-- Assignment --
Everything in the data gets repeated exactly, except for the pictures.
[Opening Dataset section section]
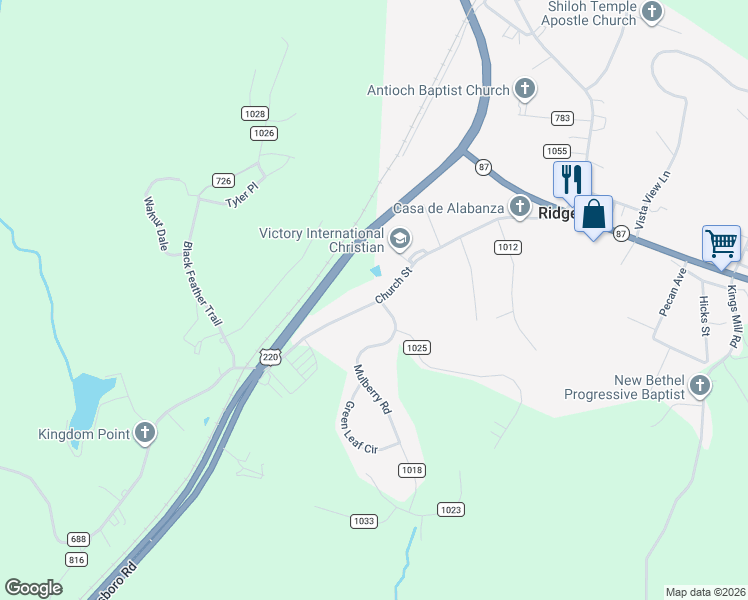 map of restaurants, bars, coffee shops, grocery stores, and more near 200 Church Street in Ridgeway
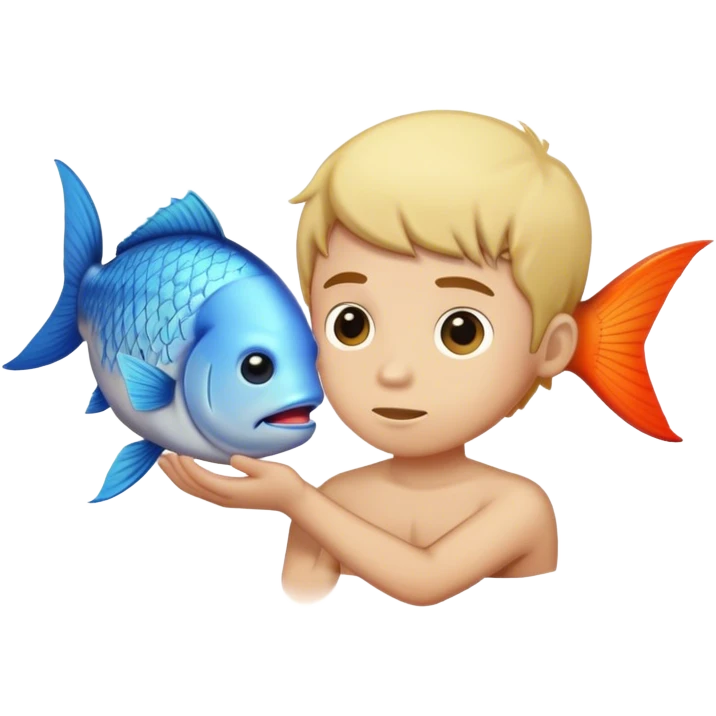 Realistic Fish boy with human head emoji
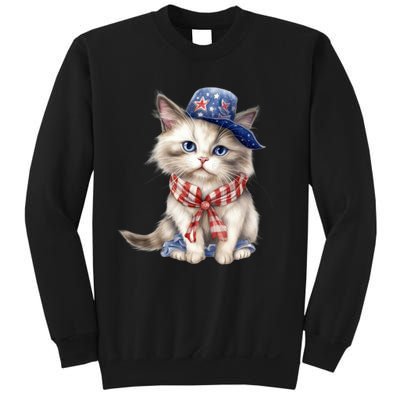 American Cat 4th Of July Cat Patriotic Cats Himalayan Kitten Sweatshirt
[Closing Dataset section section]
-- Written solution --
 map of restaurants, bars, coffee shops, grocery stores, and more near 200 Church Street in Ridgeway
 Realistic Fish boy with human head emoji
 American Cat 4th Of July Cat Patriotic Cats Himalayan Kitten Sweatshirt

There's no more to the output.